Si la prose des deux chefs rebelles semble se faire écho malgré la distance géographique, l’époque ne fait pas tout. C’est aussi ce miroir que chacun tend à l’ennemi, qui tient ensemble Black Hawk et Abd el-Kader. Ils campent tous deux un perdant magnifique, le vaincu idéal. En consolidant leurs positions et en tramant leur propre légende guerrière, ils ne manquent pas d'une certaine générosité pour l’ennemi qui les a étrillés. Par écrit, ni Black Hawk ni Abd-el-Kader ne sont au fond terriblement hostiles à la puissance qui a laminé leur peuple. Tous deux louent par exemple le progrès technique, la civilisation occidentale. Sa civilité, même. Black Hawk, qui remercie pour l'hospitalité, écrit : “Je suis reconnaissant envers les Blancs”, tandis que l'infinie courtoisie d’Abd el-Kader est systématiquement mise en avant par ses visiteurs qui évoquent sans ciller son regard "christique".

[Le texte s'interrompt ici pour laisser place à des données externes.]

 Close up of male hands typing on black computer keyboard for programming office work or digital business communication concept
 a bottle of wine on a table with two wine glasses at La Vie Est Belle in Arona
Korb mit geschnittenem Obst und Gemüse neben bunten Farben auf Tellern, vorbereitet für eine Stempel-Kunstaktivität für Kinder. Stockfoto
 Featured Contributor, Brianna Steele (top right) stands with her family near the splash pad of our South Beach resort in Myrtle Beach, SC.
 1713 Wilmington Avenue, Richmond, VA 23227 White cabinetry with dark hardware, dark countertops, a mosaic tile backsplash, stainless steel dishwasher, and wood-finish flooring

Dans les correspondances et les journaux, on loue non seulement la "grande beauté" des deux hommes. Mais aussi leur "bonté d'âme", tandis que eux se font beaux perdants : les deux autobiographies ne sont-elles pas destinées au vainqueur qui, de part et d'autre de l'Atlantique, a éventré leur monde d’hier en les étrillant en personne ?

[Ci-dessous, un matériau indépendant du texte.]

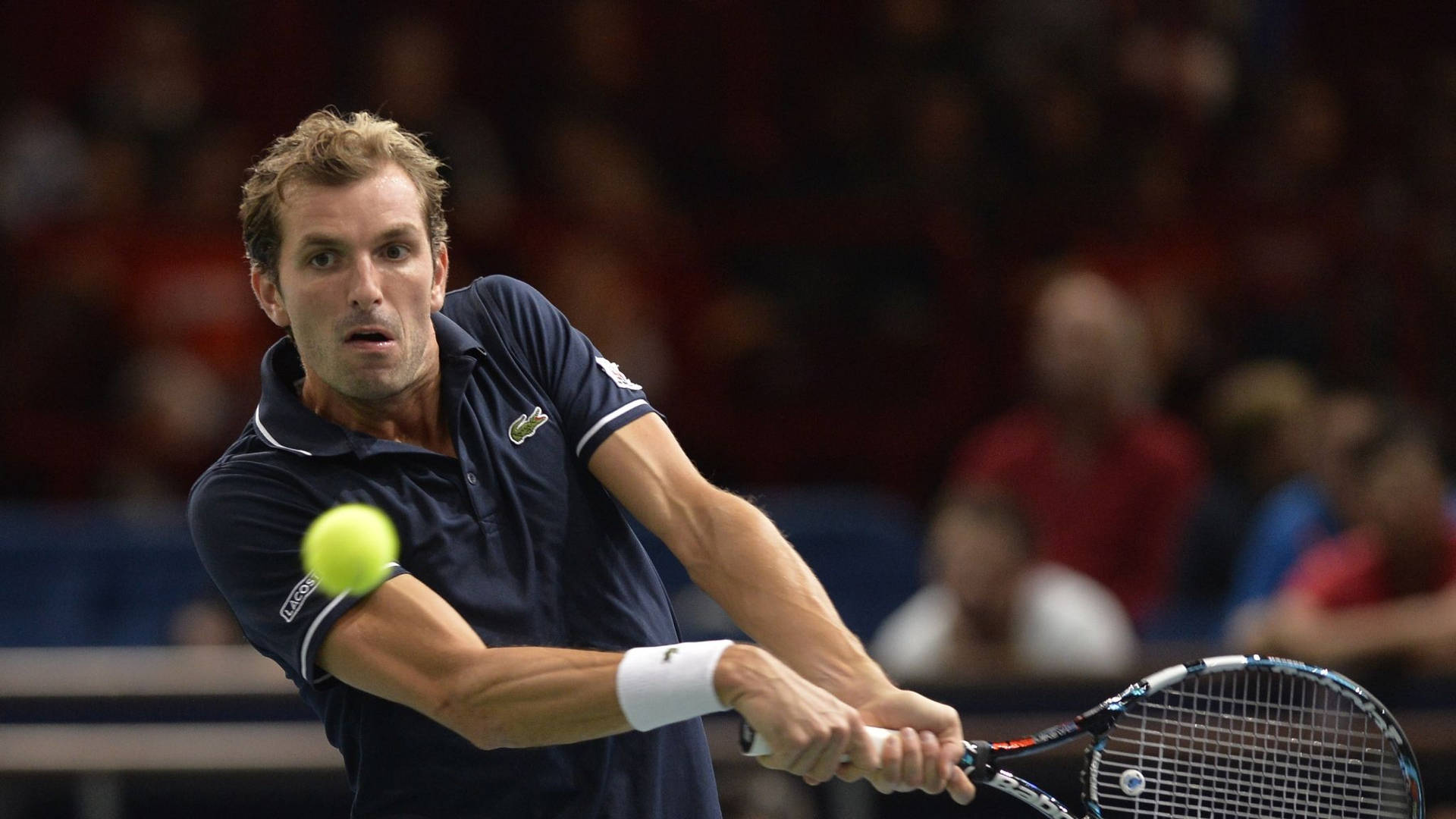 Julien Benneteau In Navy Blue Lacoste Polo Background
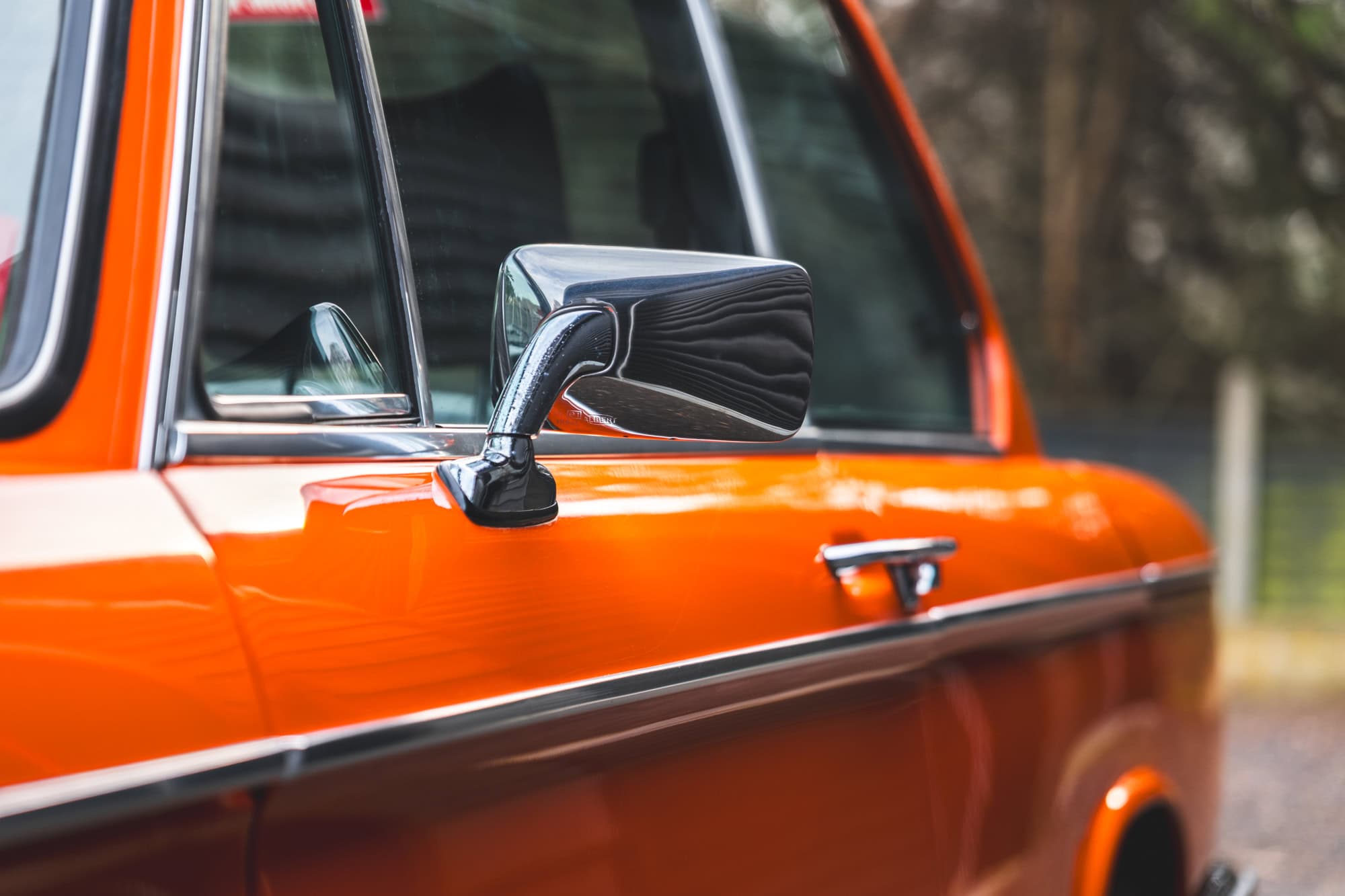 Nearside wing mirror showing chrome trim and matching door handle on BMW 2002 tii Inka Orange.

En comparant aux moines du Moyen Âge Abd el-Kader qu’on dessine, chapelet à la main, dans une parfaite piété, en achetant la prose de Black Hawk dont l'histoire se vend comme des petits pains, le camp du vainqueur se fabrique aussi une posture généreuse. C’est un ennemi commode, de ceux dont on aime dire du bien parce qu’il ne nous peuvent plus de mal. Un ennemi dont on gagne d’autant plus à louer le courage et l’âpreté à la bataille qu’il a… perdu. C'est aussi cette histoire-là que nous lègue cette autobiographie qui vient de sortir en France pour la toute première fois.